We are quickly approaching 60 years since the assassination of JFK, and the average American still knows very little about the man accused of killing the 35th President of the United States. But this article is determined to change that.
Below are 25 quick facts about Lee Harvey Oswald that you never learned from the public education system or the mainstream media — including the inconvenient truths that those with a monopoly on the dissemination of information don’t want you to know.
1). Born on October 18, 1939, in New Orleans, Louisiana, Lee Harvey Oswald was the fifth cousin (five times removed) of Confederate General, Robert E. Lee. In Fact, Lee Harvey Oswald’s father’s name was Robert E. Lee Oswald Senior.
THE EARLY YEARS
2). As a teenager, Lee Harvey Oswald was a fan of the television show, I Led Three Lives. The show aired from 1953 to 1956 and is described as:
“An advertising executive poses as a Communist agent but secretly reports to the FBI.”
3). Enlisting with the Marines in 1956, Oswald eventually obtained top secret security clearance and was stationed at the American U2 radar base in Atsugi, Japan where he monitored radar for American military spy planes.
TO RUSSIA AND BACK
4). Oswald defected to Russia—America’s Cold War enemy at the time—in October of 1959.
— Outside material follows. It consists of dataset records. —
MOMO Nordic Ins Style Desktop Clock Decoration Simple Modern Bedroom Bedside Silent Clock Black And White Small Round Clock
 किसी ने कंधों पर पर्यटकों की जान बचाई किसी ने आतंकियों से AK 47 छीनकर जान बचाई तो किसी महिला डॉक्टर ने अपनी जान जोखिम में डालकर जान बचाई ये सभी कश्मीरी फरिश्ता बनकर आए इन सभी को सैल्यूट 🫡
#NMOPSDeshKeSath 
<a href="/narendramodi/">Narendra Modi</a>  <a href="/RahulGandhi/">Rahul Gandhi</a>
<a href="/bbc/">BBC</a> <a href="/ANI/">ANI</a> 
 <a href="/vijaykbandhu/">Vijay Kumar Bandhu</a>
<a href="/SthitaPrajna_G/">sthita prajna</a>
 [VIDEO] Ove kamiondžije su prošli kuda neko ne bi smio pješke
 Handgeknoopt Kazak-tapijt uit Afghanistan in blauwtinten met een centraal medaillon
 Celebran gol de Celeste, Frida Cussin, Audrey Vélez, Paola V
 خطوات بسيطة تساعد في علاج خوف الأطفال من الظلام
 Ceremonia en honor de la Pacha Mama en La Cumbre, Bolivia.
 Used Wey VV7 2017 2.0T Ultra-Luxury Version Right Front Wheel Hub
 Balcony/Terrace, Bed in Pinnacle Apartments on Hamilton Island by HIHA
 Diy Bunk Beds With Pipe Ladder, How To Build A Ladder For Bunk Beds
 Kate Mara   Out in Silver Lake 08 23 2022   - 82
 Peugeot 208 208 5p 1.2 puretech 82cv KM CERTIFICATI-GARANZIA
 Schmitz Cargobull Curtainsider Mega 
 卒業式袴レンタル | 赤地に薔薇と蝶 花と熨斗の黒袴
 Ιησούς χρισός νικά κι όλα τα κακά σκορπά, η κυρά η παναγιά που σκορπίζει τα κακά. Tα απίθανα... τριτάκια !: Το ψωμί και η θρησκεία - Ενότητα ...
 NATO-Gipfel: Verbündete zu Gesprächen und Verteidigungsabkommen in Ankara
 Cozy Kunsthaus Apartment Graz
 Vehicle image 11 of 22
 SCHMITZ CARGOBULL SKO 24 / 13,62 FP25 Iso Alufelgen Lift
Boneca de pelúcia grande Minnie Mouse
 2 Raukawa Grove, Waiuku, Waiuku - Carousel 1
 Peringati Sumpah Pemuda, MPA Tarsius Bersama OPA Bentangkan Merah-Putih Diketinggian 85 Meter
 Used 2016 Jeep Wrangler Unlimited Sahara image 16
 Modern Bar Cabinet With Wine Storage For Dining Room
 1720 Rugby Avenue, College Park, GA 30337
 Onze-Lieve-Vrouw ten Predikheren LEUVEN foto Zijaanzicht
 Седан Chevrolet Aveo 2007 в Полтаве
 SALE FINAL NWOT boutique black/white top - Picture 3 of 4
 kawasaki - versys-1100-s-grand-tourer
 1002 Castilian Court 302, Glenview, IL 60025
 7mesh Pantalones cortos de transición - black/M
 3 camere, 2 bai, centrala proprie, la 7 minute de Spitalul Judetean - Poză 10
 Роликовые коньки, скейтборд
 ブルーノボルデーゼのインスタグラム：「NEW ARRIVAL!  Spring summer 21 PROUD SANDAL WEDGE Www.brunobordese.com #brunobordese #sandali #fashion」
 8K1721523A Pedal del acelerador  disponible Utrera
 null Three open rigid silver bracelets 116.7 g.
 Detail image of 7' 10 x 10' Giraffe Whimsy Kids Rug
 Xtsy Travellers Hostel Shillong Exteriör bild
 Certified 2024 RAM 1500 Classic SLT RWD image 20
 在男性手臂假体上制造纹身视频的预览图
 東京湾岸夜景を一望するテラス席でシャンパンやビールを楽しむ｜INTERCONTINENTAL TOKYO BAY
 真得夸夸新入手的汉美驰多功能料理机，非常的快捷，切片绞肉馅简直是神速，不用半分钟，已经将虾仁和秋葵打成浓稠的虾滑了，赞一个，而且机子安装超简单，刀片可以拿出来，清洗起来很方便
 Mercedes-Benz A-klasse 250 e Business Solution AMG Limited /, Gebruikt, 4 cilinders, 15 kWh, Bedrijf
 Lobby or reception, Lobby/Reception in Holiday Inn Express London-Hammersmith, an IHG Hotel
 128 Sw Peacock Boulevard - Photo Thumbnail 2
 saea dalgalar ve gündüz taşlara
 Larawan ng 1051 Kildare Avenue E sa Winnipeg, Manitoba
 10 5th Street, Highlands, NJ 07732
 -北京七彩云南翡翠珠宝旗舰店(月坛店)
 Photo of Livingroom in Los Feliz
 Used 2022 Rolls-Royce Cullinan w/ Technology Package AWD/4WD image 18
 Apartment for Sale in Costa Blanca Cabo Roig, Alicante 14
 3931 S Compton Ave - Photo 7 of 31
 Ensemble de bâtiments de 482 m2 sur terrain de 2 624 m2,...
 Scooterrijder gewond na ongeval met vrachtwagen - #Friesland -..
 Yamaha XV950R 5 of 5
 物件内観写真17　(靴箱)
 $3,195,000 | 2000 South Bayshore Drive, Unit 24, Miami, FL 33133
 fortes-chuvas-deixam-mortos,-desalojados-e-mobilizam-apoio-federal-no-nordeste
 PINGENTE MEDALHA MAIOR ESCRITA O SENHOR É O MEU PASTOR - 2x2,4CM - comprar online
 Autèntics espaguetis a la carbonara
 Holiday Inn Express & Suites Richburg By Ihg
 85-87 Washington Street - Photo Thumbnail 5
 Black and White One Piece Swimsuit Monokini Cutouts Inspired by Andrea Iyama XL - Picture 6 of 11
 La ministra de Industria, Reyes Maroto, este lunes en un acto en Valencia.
(Note: Those who believe Oswald killed President John F. Kennedy point to this defection as proof that Oswald was a communist. However, those critical of the official story about Oswald’s involvement in the assassination point to this as one of Oswald’s many covers as a U.S. intelligence agent in order to appear as a communist sympathizer. In the intelligence community this is commonly referred to as “sheep dipping.”)
5). Less than two years after defecting, Oswald typed a letter to the American Embassy on August 08, 1961, regarding his return to America. In this letter he even suggested:
“I believe I could catch a military hop back to the States, from Berlin.”
(Note: Suggesting he can catch a ride on an American military plane would be an utterly outlandish expectation from someone who genuinely defected to America’s Cold War enemy. But more outlandish than that was the American government’s response: the U.S. State Department actually loaned Oswald — a supposed enemy defector — $435.71 so he could fly back to America. Let that sink in.)
6). After returning to the United States, not only was Oswald not arrested, but his new Russian wife, Marina, was also allowed into the country without reservation.
FRIENDS IN HIGH PLACES
7). Back in America, Oswald continued to publicly present himself as a Marxist while simultaneously maintaining friendships with avowed anti-communists such as Clay Shaw (businessman and CIA informant), Guy Banister (former FBI), and David Ferrie (Civil Air Patrol and involved in CIA military training for anti-Castro exiles).
8). Another one of Oswald’s anti-communist friends was European émigré, George de Mohrenschildt, a petroleum geologist who just happened to be friends with CIA employee, George H.W. Bush. (Yes, the same George H.W. Bush who would later become director of the CIA and the 41st president of the United States, and who claimed he couldn’t remember where he was the day JFK was assassinated.)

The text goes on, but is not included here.